次に相続税法をもっていないと個人を相手に税務をするというキャリアが絶たれます。信託銀行もそうですが、一番儲かるのは相続なのです。これは司法書士でも同じでしょう。相続ができない税理士は稼ぎようがありません。相続税法は事実上必須です。

そしてのこり1科目を消費税法にする人が多いのですが、私は所得税法を勧めます。

なぜなら、所得税法をとればいわゆる国税三法という古典的な科目選択で合格することになり、税理士の間では最高の合格者になるからです。国税三法で合格した人にケチをつけられる人はいません。

さらに、消費税法というのは分量が少なく、短期間で合格基準まで達してしまうため、1つケアレスミスしただけでも合否が危うくなるほど高得点を競う試験です。つまり合格ラインまでの遊びが少ないのです。

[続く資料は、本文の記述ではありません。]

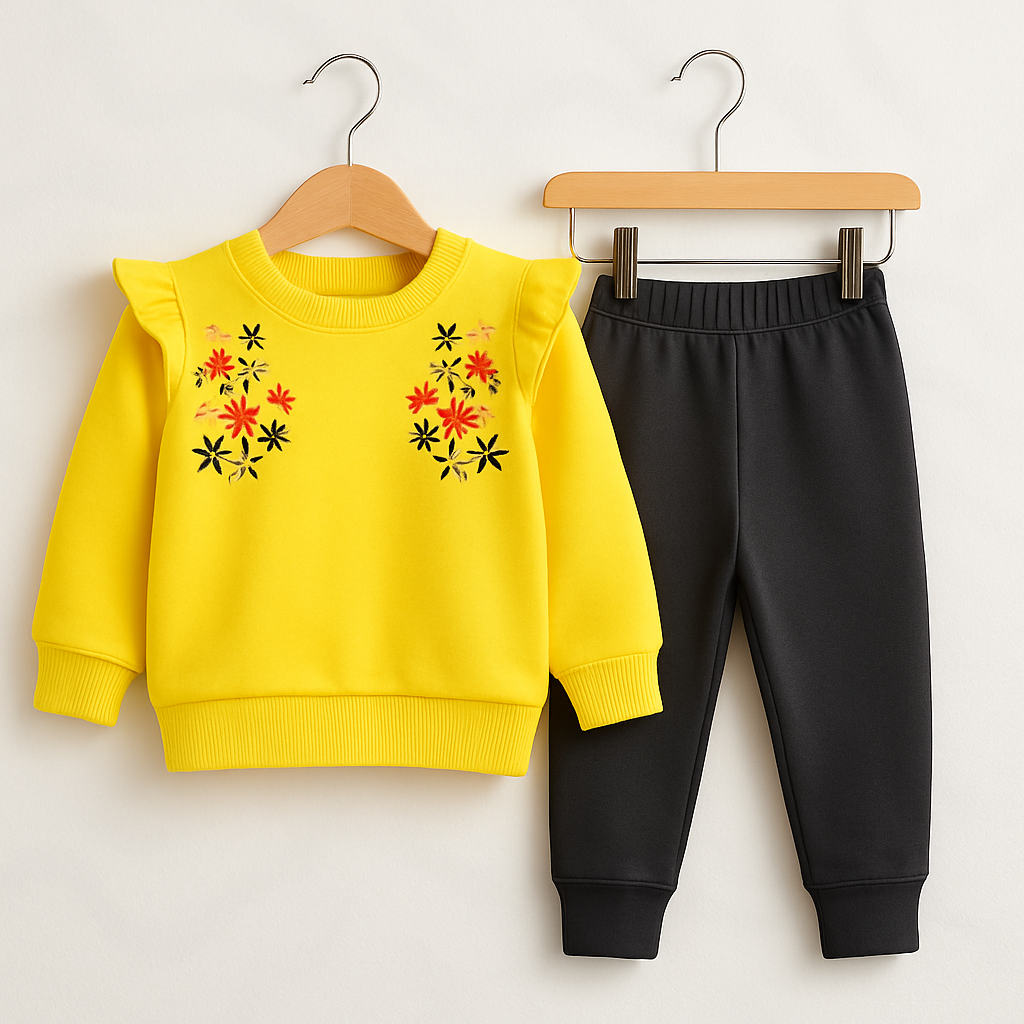 CUTE FLORAL WINTER SWEATSHIRT AND PANTS OUTFIT FOR BABY GIRLS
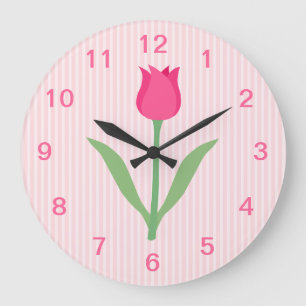 Pretty Pink Tulip Flower. Large Clock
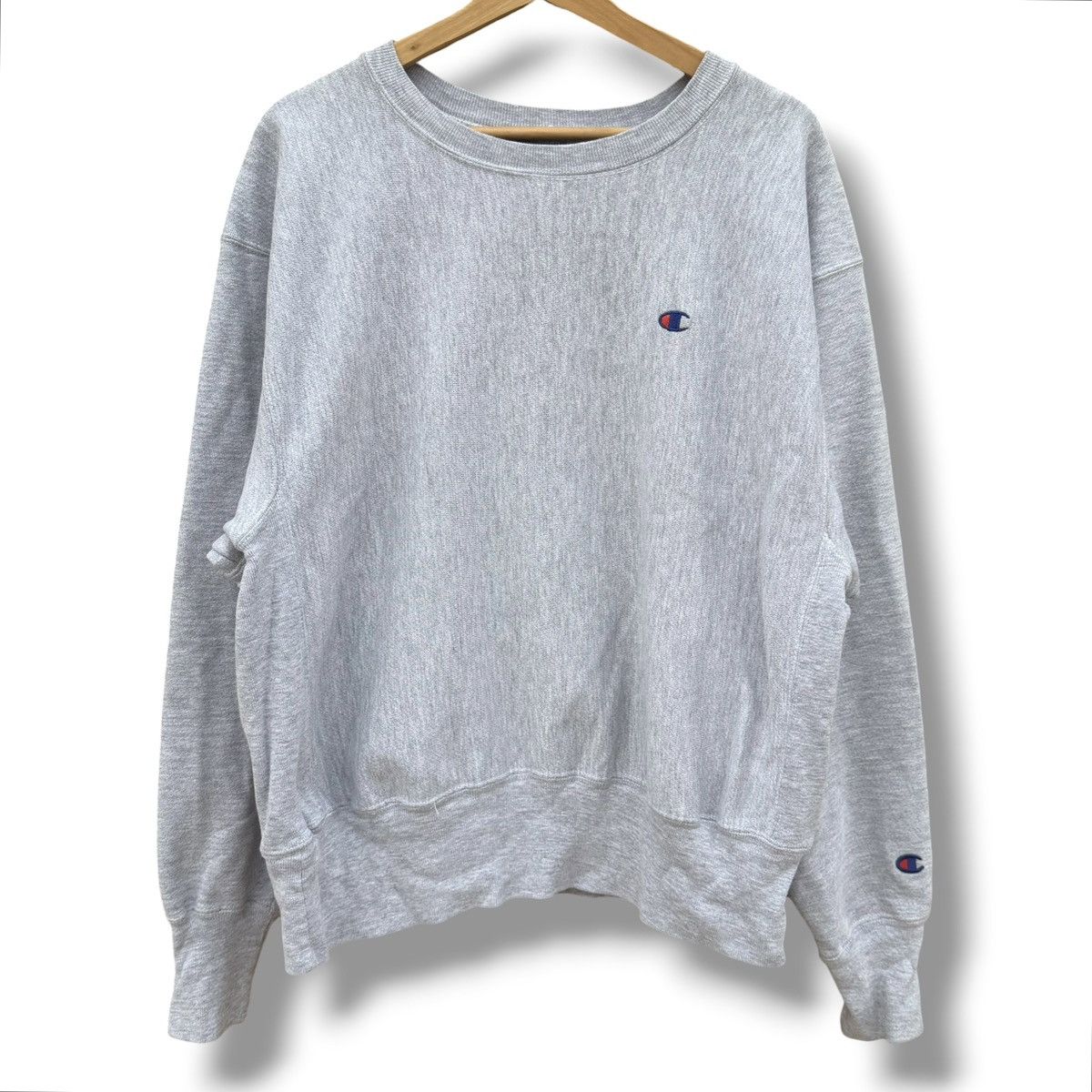 Champion Vintage 90s Champion Reverse Weave Logo Sweatshirt Gray USA Size US L / EU 52-54 / 3 - 1 Thumbnail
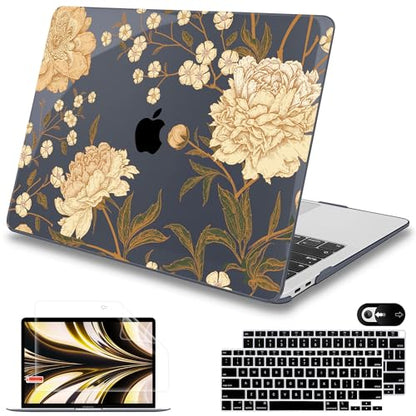 Mektron Case for MacBook Air 13 inch M1 A2337 A2179 A1932,Hard Cover 2018-2021 Air 13-inch with Touch ID, Exclusively Designed Protective Shell with Keyboard Skin+Screen Protector, Peony Flowers C186 - color: Peony Flowers C186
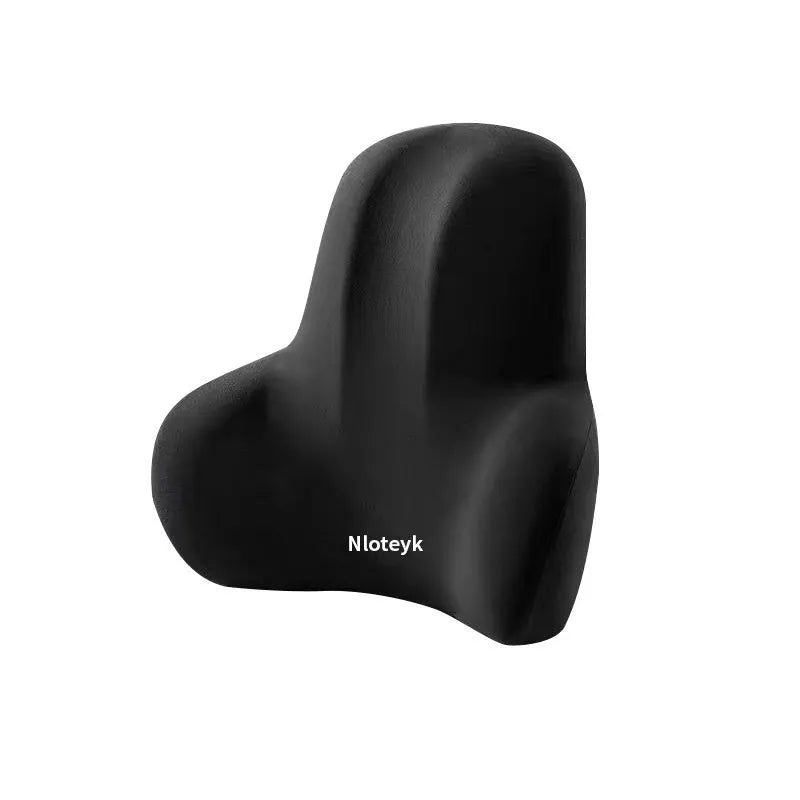 Four Seasons Universal Car Memory Foam Waist Cushion set with headrest lumbar support pillows in black suede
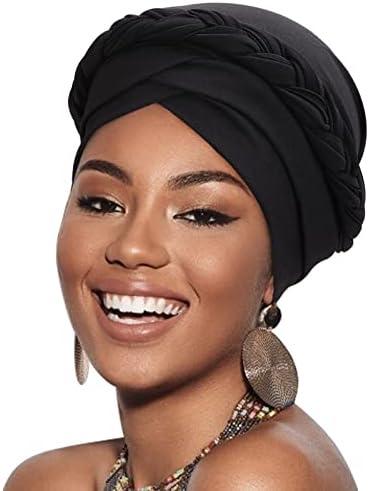 African Women Turban Caps Pre-Tied Twisted Turbans Head Scarf for Women Hair Wraps Cover Beanie Cancer Chemo Headwear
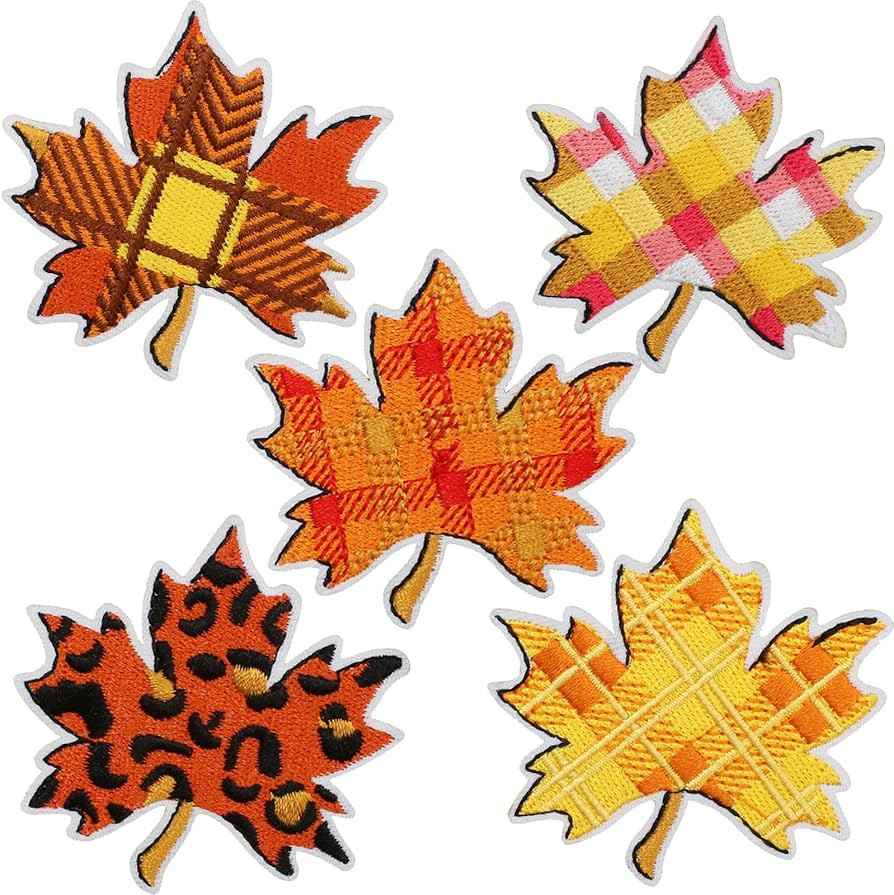 Maple Leaf Patches for Fall - 5PCS Colorful Iron On Patches, Red Yellow Orange Pink Autumn Leaf D... | Amazon (US)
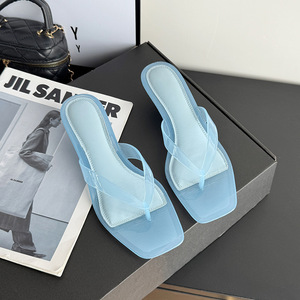 Trendy Women Clear <b>Sandals</b> Square Toe Slip On Kitten Heel <b>Dress</b> Slippers - Product Image 5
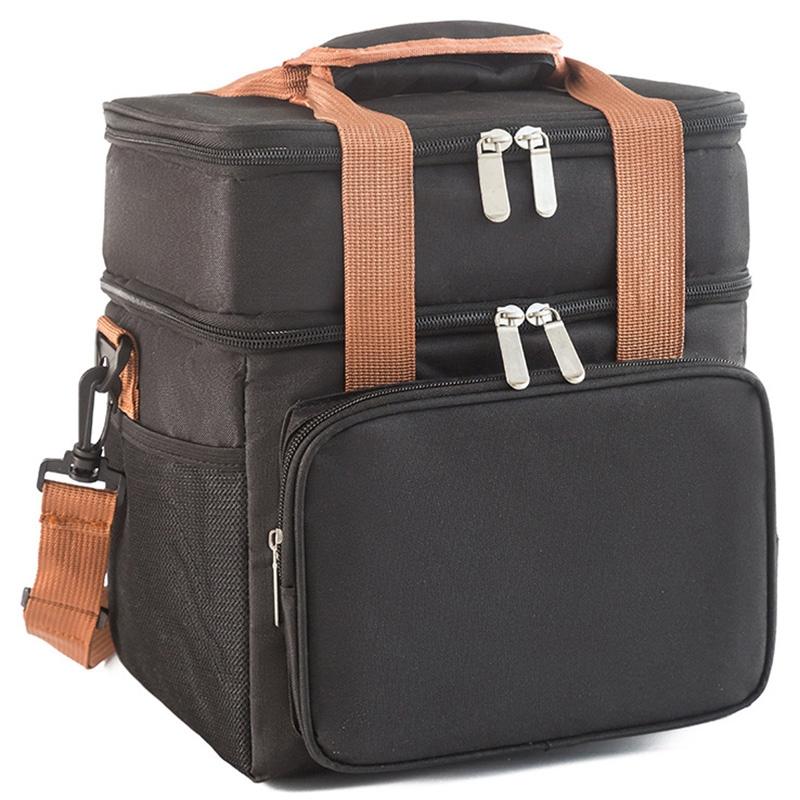 

2 Layers Insulated Lunch Bag Large Capacity Food Storage Drink Cooling Handbag with Shoulder Strap B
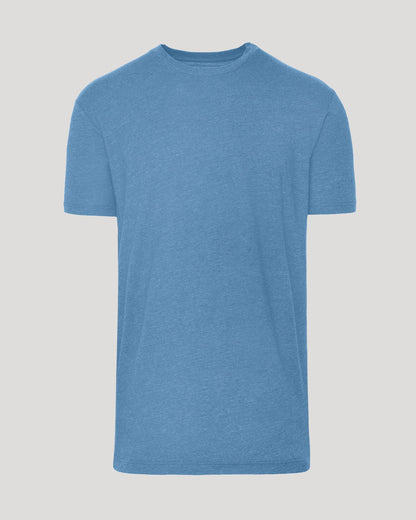 Dark Heather Blue Lake Tall Straight Hem Crew Neck T-Shirt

その点、所得税法は分量がとても多く、満点を取ってくる人なんてほぼいません。つまり、合格ラインから満点の間の遊びが大きく、何問かミスってもそれだけで即不合格になることはないのです。

だから勉強量は所得税法の方が多く大変ですが、それさえ乗り越えてしまえば所得税法の方が受かりやすいといえます。もう何を勉強したらいいのかわからないほど消費税法を勉強しているのに3年も受からないなんて人は大量にいますから、そうならないためにも私は所得税法をおすすめします。

出身大学は関係なし マーチや高卒が多い資格

税理士試験は高卒の人がとても多い資格です。大卒だとしてもマーチや日東駒専レベルの人が多い資格と言えるでしょう。

税理士試験を受けずに税理士になる人がとても多く、その人達は国税OBというものです。税務署に長く勤めると税理士資格を貰うことができます。多くの人はその税理士資格で第二の人生を歩み始めます。だから税理士の平均年齢は60歳ととても高いのです。

そして税務署というのは高卒の公務員がエリートコースであり、出世するメインストリームなのです。これは大卒、特に東大法卒がキャリアとしてトントン拍子に出世する財務省や経済産業省などの官庁とは異なるところです。税務署では大卒はむしろ出世コースからはずされるという世界です。だから税理士というのは必然的に大卒の人があまり強くない業界だと言えます。

税理士の世界で一目置かれるというのは、学歴ではなく受験科目です。国税三法に合格していると一定の評価がされます。年齢が上の人だと、昔は国税三法という法人税法、所得税法、相続税法しかなかったので、国税三法で合格していてもそれは普通と思われますが、ここ10年の合格者はいわゆるミニ科目という国税三法以外の科目で合格する人が多いので、国税三法で最終合格すると一目置かれるというわけです。

あとは税理士試験に合格していることに加えて司法書士、司法試験、公認会計士試験、不動産鑑定士試験に合格していると評価が高くなります。